Document Date: January 9, 2007

Last November, America voters rejected political scare tactics, government power grabs and one-party rule. They chose civil liberties and sensible policies that keep America safe and free. More importantly, Americans across the nation exercised their democratic right to vote for true representation – and to prove that, as a judge said in a recent landmark ruling rebuking the Bush administration’s overreaching abuse of power – there are no hereditary kings wielding unlimited power in our United States.

Today we’re on Capitol Hill to ensure that the 110th Congress accepts its responsibility to check the executive branch and demand real answers from an arrogant and unresponsive administration.

Rights and freedoms guaranteed by the Constitution – diminished under the previous Congress – must be revived and protected. Senator Harry Reid stated in his letter to Senate Democrats last week, “Our founding fathers foretold of the dangers of stifled dissent, and we must now heed their advice.” I couldn’t agree more. The rights and freedoms of the American people should always come first – especially when we question authority.

Caroline and I made a list of New Year’s resolutions for Congress … Amend the Military Commissions Act and restore habeas corpus, stop warrantless NSA wiretapping, protect our privacy, end torture and abuse, and stop the president from hiding behind false claims of state secrecy.

Just one year after the New York Times broke the NSA surveillance scandal, we learned through The Daily News that President Bush had quietly issued a signing statement on December 20, 2006 that allows him to add opening our mail to the growing list of privacy invasions. This truly is a war on America, not on terror.

But we did receive a few gifts from Congress and the courts since civil liberties came under attack following 9/11. The Supreme Court’s rejection of the military commissions system for Guantanamo detainees in Hamdan v. Rumsfeld, Congress’ Patriot Act filibuster, another court’s rejection of national security letters, the ongoing disclosures on spying and torture via our FOIA demands, the McCain Amendment on torture, and the scrapping of over-the-top spying programs like CAPPS II, Total Information Awareness and Operations TIPS – to name just a few.

They don’t, however, mitigate the president’s systematic abuse of power.

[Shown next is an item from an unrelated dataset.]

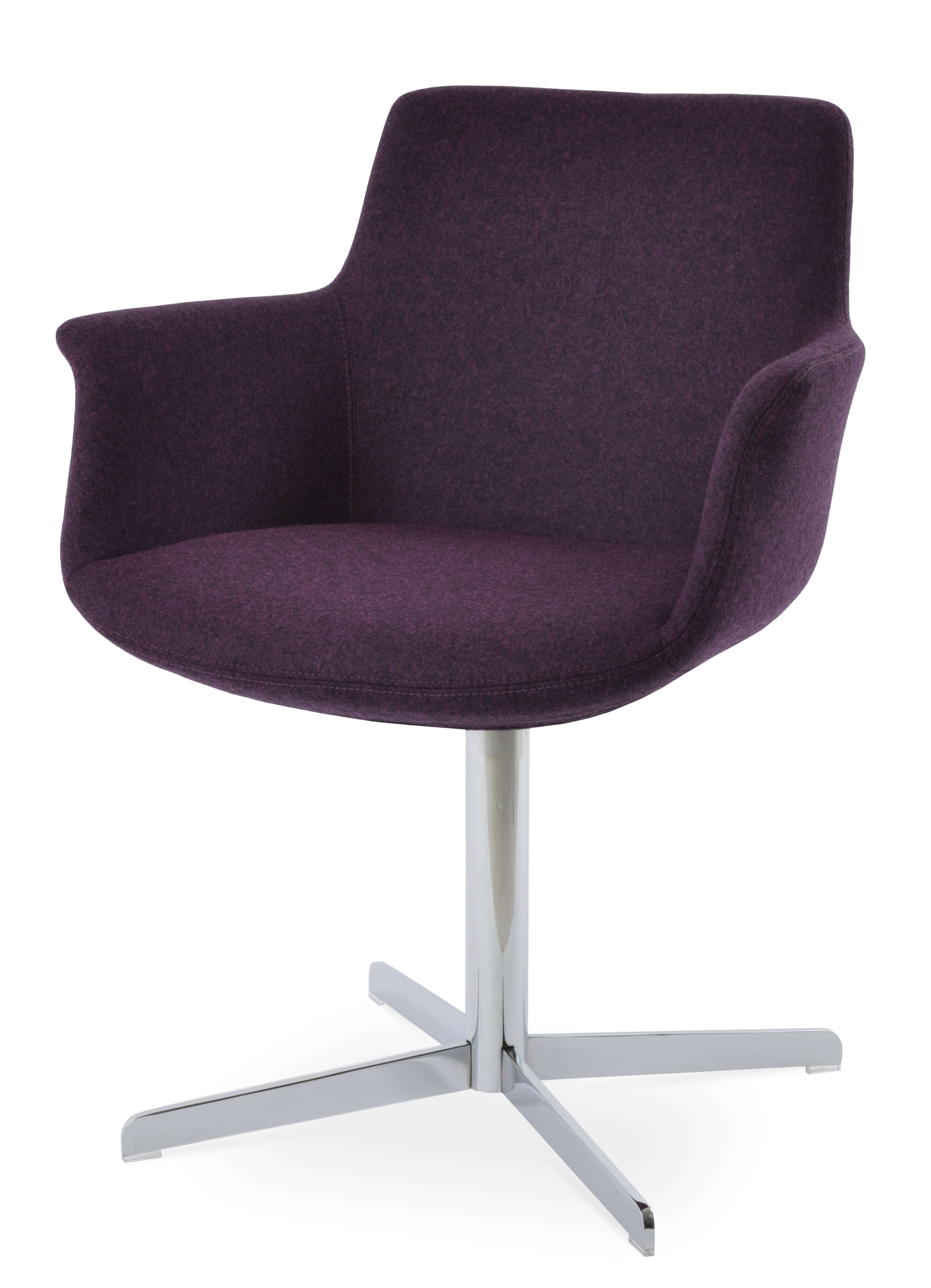 Bottega Arm 4 Star Swivel Dining Chair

Whatever inherent powers the president might have under Article II of the Constitution, they do not include the power to conduct a warrantless, indefinite and unlimited domestic surveillance campaign that is expressly prohibited by law. America must learn the scope of the NSA warrantless wiretapping program – who has been spied on – what has been done with the information – and who authorized it. In August 2006, federal judge Anna Diggs Taylor found the NSA program both unconstitutional and illegal as a result of an ACLU lawsuit. We’ll be returning to court later this month to defend that landmark ruling before a federal appeals court. The Constitution says illegal wiretapping is wrong – a federal judge reminded the president that it’s wrong – and now it’s time for Congress to do its part and ensure the chief executive enforces the law. Not break it. Congress should hold hearings as soon as possible to get the answers and demand accountability.

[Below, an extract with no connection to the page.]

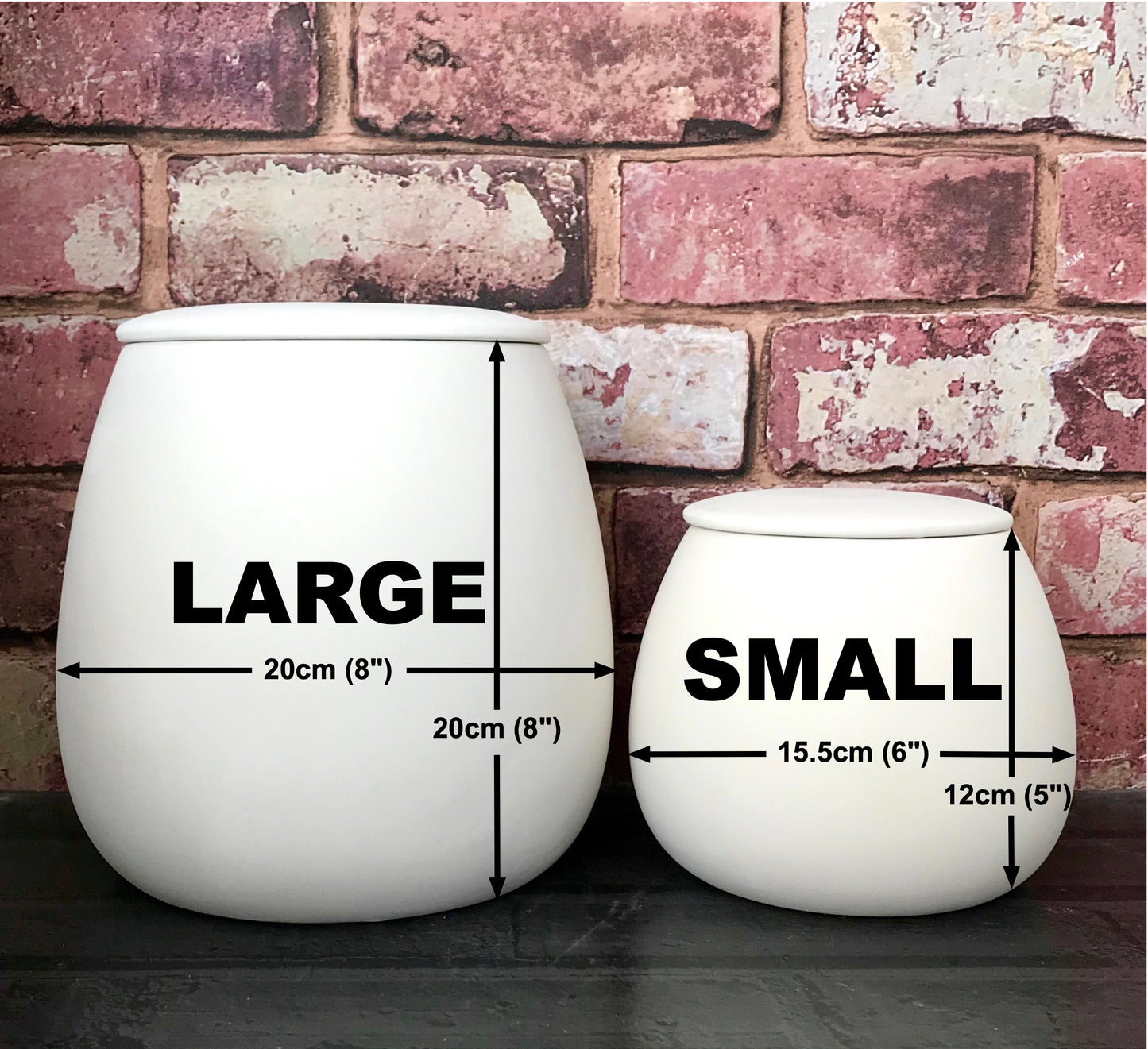 Personalised Straight sided Paw Print design Treat Jar set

But the Bush administration avoids any accountability for its illegal behavior by hiding behind a cloak of secrecy. His administration has used a variety of tactics to deny court review of key facts that could reveal unconstitutional and illegal actions by federal officials.

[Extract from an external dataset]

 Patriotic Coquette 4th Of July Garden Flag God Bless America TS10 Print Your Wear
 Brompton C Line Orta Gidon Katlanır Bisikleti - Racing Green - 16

In December of last year we saw yet again that over-classification of documents is really a strong-arm tactic aimed at silencing the critics of authoritarian rule. After the ACLU fought back, the government backed down from its attempt to force us to hand over “any and all copies” of a previously “secret” memo detailing DoD policy for photographing detainees. It should have never been classified secret. Congress should see this as proof that investigating over-classification and executive privilege should be a priority – who knows how many more times Bush has illegally covered his tracks and for what reasons.

The main reason America knows anything about these or any other abuses is by reading it in the papers or seeing it on TV. So to thwart the media’s role in exposing questionable and illegal conduct, the administration wants to prosecute journalists under the Espionage Act of 1917.

There has never been a better time to fight for our rights and freedoms guaranteed by the Constitution and Bill of Rights. There has never been a more urgent need to preserve fundamental privacy protections and our system of checks and balances. Illegal government spying, abuse of executive privilege, provisions of the Patriot Act and government-sponsored torture programs transcend the bounds of law and our most treasured American values in the name of national security.

One-party rule proved that absolute power corrupts absolutely.

Senator Reid concluded his letter to Senate Democrats by saying, “ … the American people were telling us last November that results are more important than party, and progress for the nation must come before our own political priorities.”

It is time for both parties in Congress to stand together for civil liberties. The ACLU is ready to stand with them.